In many solutions I have seen developers create multiple SSIS packages that simply copies data from one or more source systems to a staging database that figures as source for the ETL process. The creation of these packages takes a lot of (boring) time, while Replication Services can do the same in minutes. It is possible to filter out columns and/or records and it can even apply schema changes automatically so I think it offers enough features here. I don’t know how the performance will be and if it really works as good for this purpose as I expect, but I want to try this out soon!”
Well I have tried it out and I must say it worked well. I was able to let replication services do work in a fraction of the time it would cost me to do the same in SSIS.
What I did was the following:
- Configure snapshot replication for some Adventure Works tables, this was quite simple and straightforward.
- Create an SSIS package that executes the snapshot replication on demand and waits for its completion.
This is something that you can’t do with out of the box functionality. While configuring the snapshot replication two SQL Agent Jobs are created, one for the creation of the snapshot and one for the distribution of the snapshot. Unfortunately these jobs are asynchronous which means that if you execute them they immediately report back if the job started successfully or not, they do not wait for completion and report its result afterwards. So I had to create an SSIS package that executes the jobs and waits for their completion before the rest of the ETL process continues.
Fortunately I was able to create the SSIS package with the desired functionality. I have made a step-by-step guide that will help you configure the snapshot replication and I have uploaded the SSIS package you need to execute it.
Configure snapshot replication
In this example I ran the Agent under the SQL Server Agent service account. This is not recommended as a security best practice. Fortunately there is an excellent article on TechNet which tells you exactly how to set up the security for replication services. Read it here and make sure you follow the guidelines!
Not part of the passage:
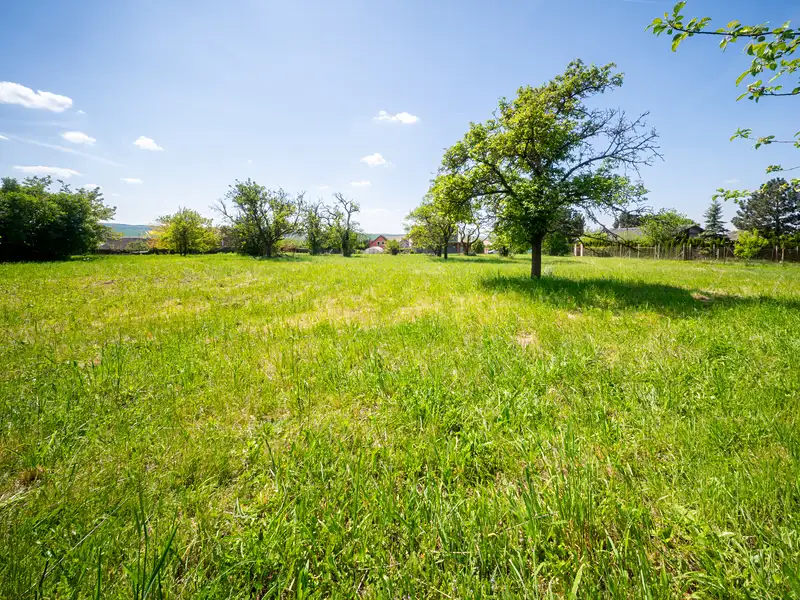 Prodej stavebního pozemku 3623 m², Bučovice – náhled fotky 2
Now the publication is created successfully its time to create a new subscription for this publication.
You can now choose where the Distribution Agent should run. If it runs at the distributor (push subscriptions) it causes extra processing overhead. If you use a separate server for your ETL process and databases choose to run each agent at its subscriber (pull subscriptions) to reduce the processing overhead at the distributor.
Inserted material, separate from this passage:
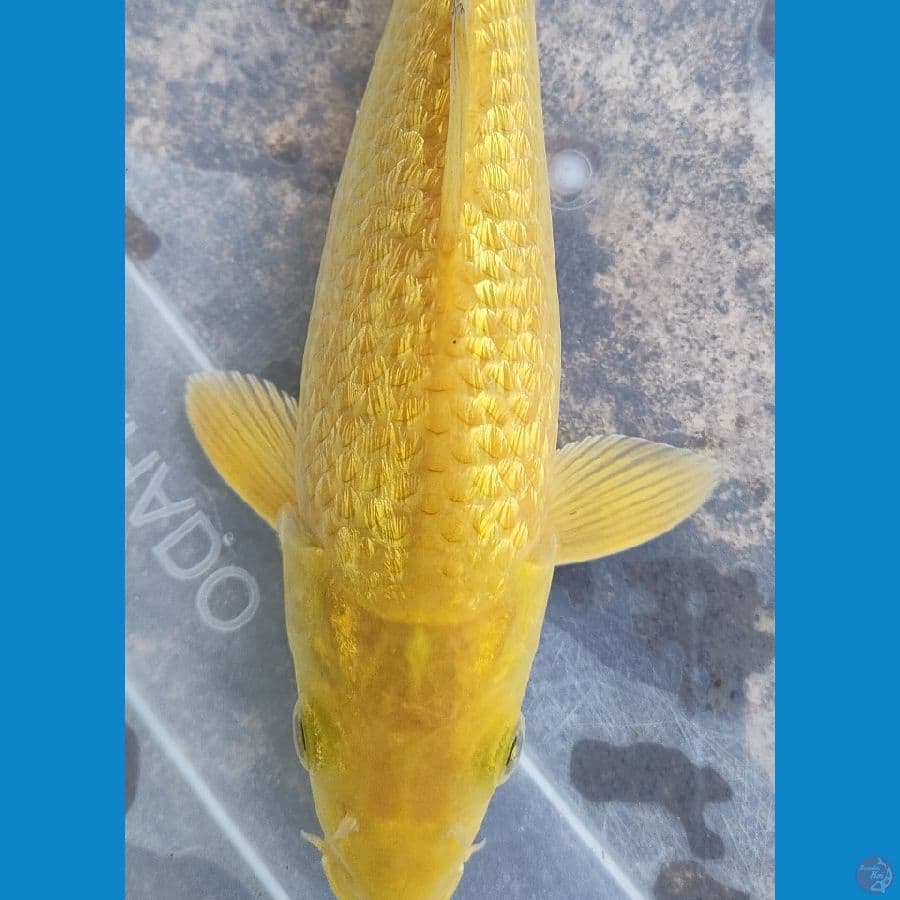 caramel gr 23 cm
Again, in this example I ran the Agent under the SQL Server Agent service account. Read the security best practices here
Now expand the SQL Server Agent, go to Jobs and search for the job that creates the snapshot:
Now search for the job that distributes the snapshot:
Create an SSIS package that executes the snapshot replication
We now need an SSIS package that will take care of the execution of both jobs. The CreateSnapshot job needs to execute and finish before the DistributeSnapshot job runs. After the DistributeSnapshot job has started the package needs to wait until its finished before the package execution finishes.
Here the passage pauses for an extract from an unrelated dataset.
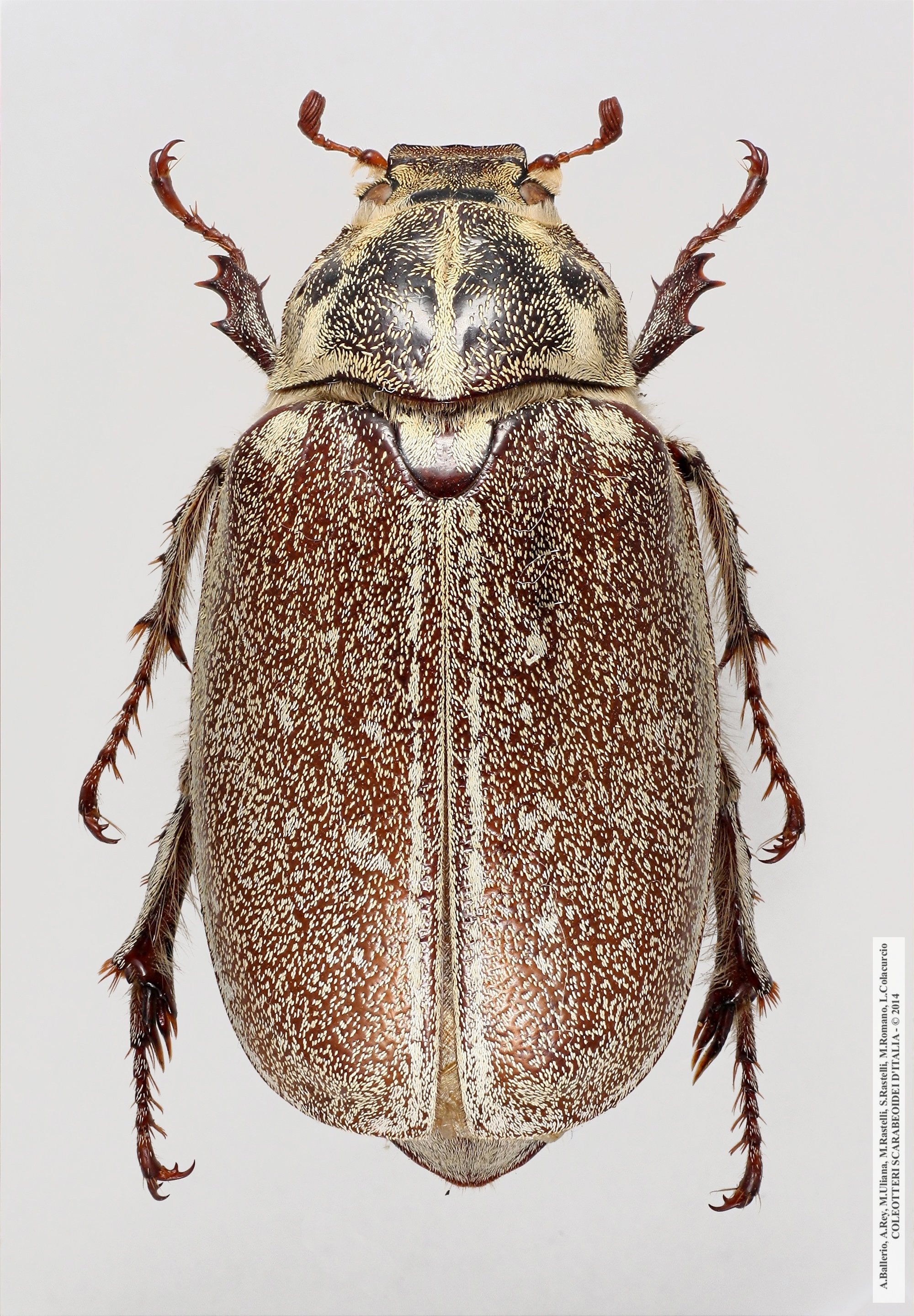 Polyphylla ragusae ragusae, femmina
The Execute SQL Server Agent Job Task is designed to execute SQL Agent Jobs from SSIS. Unfortunately this SSIS task only executes the job and reports back if the job started succesfully or not, it does not report if the job actually completed with success or failure. This is because these jobs are asynchronous.
The SSIS package I’ve created does the following:
- It runs the CreateSnapshot job
- It checks every 5 seconds if the job is completed with a for loop
- When the CreateSnapshot job is completed it starts the DistributeSnapshot job
- And again it waits until the snapshot is delivered before the package will finish successfully
Quite simple and the package is ready to use as standalone extract mechanism. After executing the package the replicated tables are added to the subscriber database and are filled with data:
Download the SSIS package here (SSIS 2008)
In this example I only replicated 5 tables, I could create a SSIS package that does the same in approximately the same amount of time. But if I replicated all the 70+ AdventureWorks tables I would save a lot of time and boring work! With replication services you also benefit from the feature that schema changes are applied automatically which means your entire extract phase wont break. Because a snapshot is created using the bcp utility (bulk copy) it’s also quite fast, so the performance will be quite good.
Disadvantages of using snapshot replication as extraction tool is the limitation on source systems. You can only choose SQL Server or Oracle databases to act as a publisher.
So if you plan to build an extract phase for your ETL process that will invoke a lot of tables think about replication services, it would save you a lot of time and thanks to the Extract SSIS package I’ve created you can perfectly fit it in your usual SSIS ETL process.